### Data for review:
....................

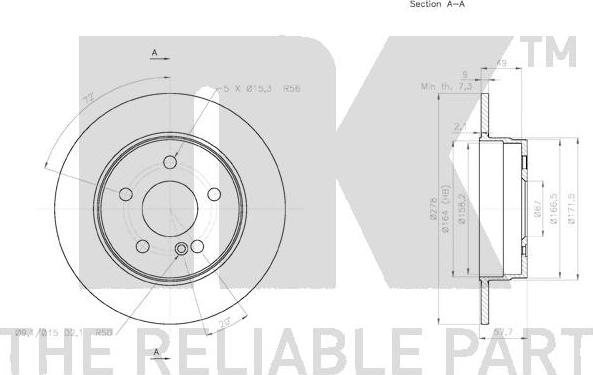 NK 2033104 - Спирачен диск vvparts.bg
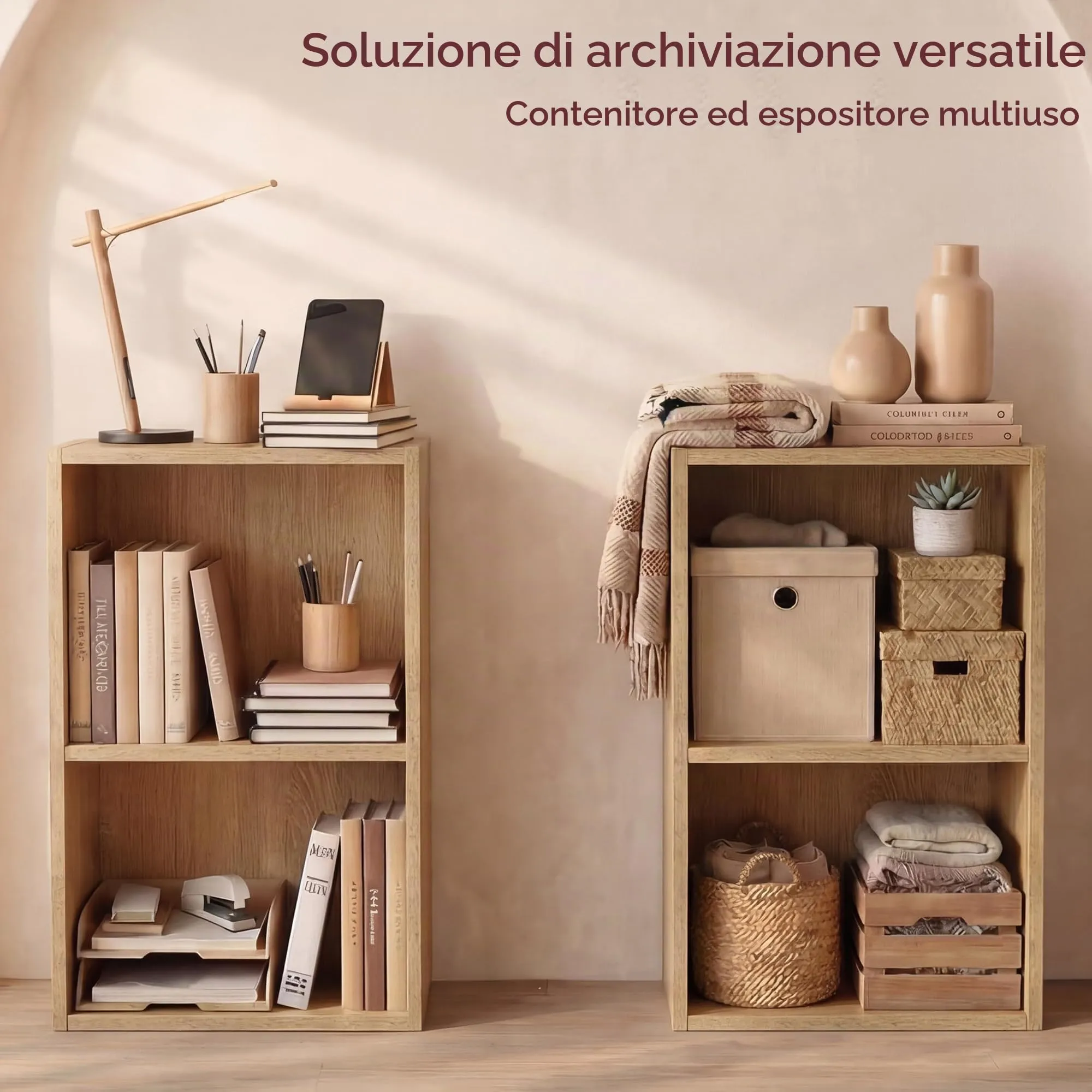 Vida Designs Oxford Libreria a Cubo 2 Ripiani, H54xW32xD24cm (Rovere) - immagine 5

....................

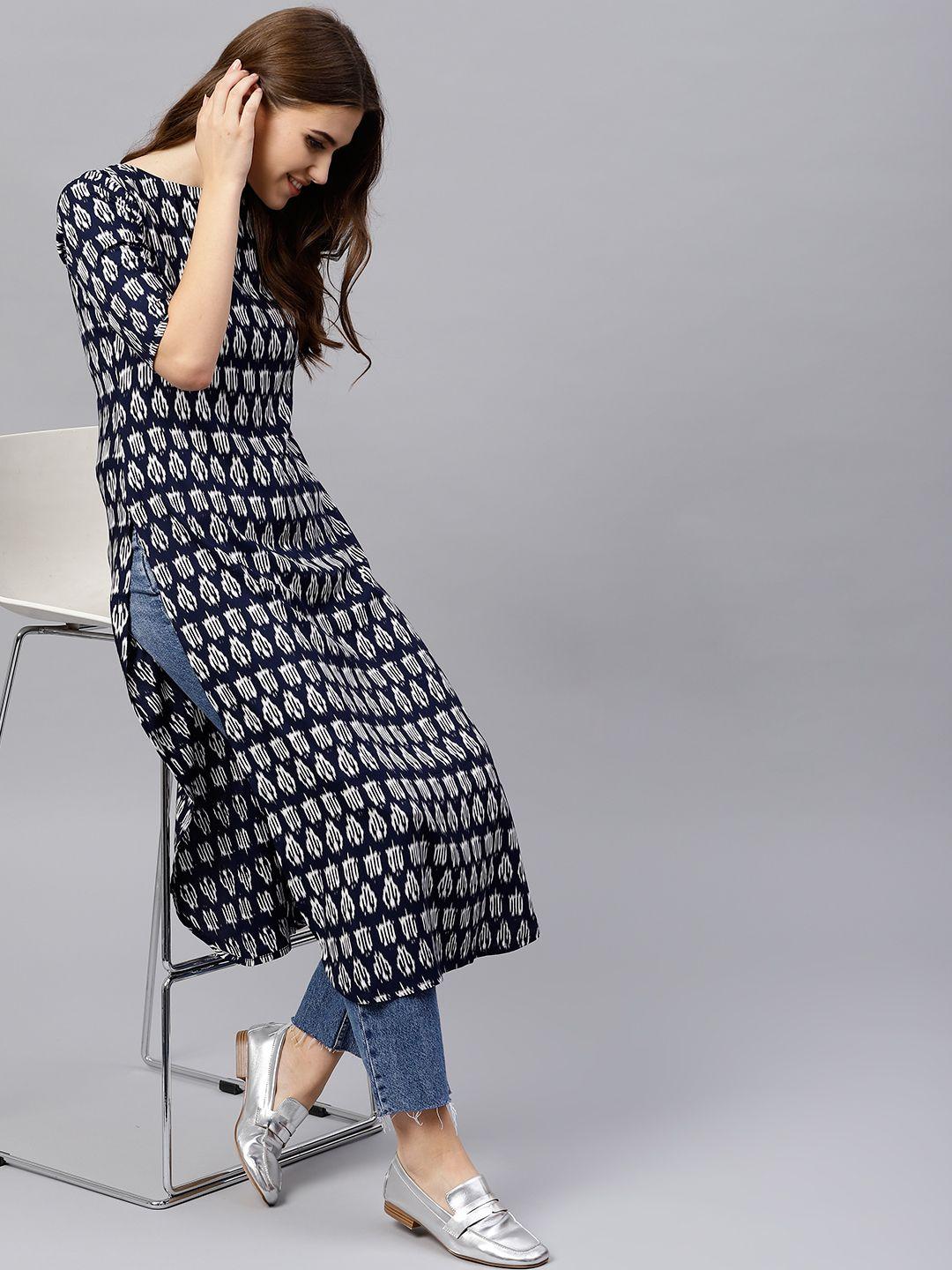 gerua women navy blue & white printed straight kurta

....................

### What you need to do:
Quote the data above exactly from the line with "NK 2033104 - Спирачен диск vvparts.bg" to the line with "Vida Designs Oxford", both ends counted, and nothing else. Pictures don't go in.

### Answer box:
 NK 2033104 - Спирачен диск vvparts.bg
 Vida Designs Oxford Libreria a Cubo 2 Ripiani, H54xW32xD24cm (Rovere) - immagine 5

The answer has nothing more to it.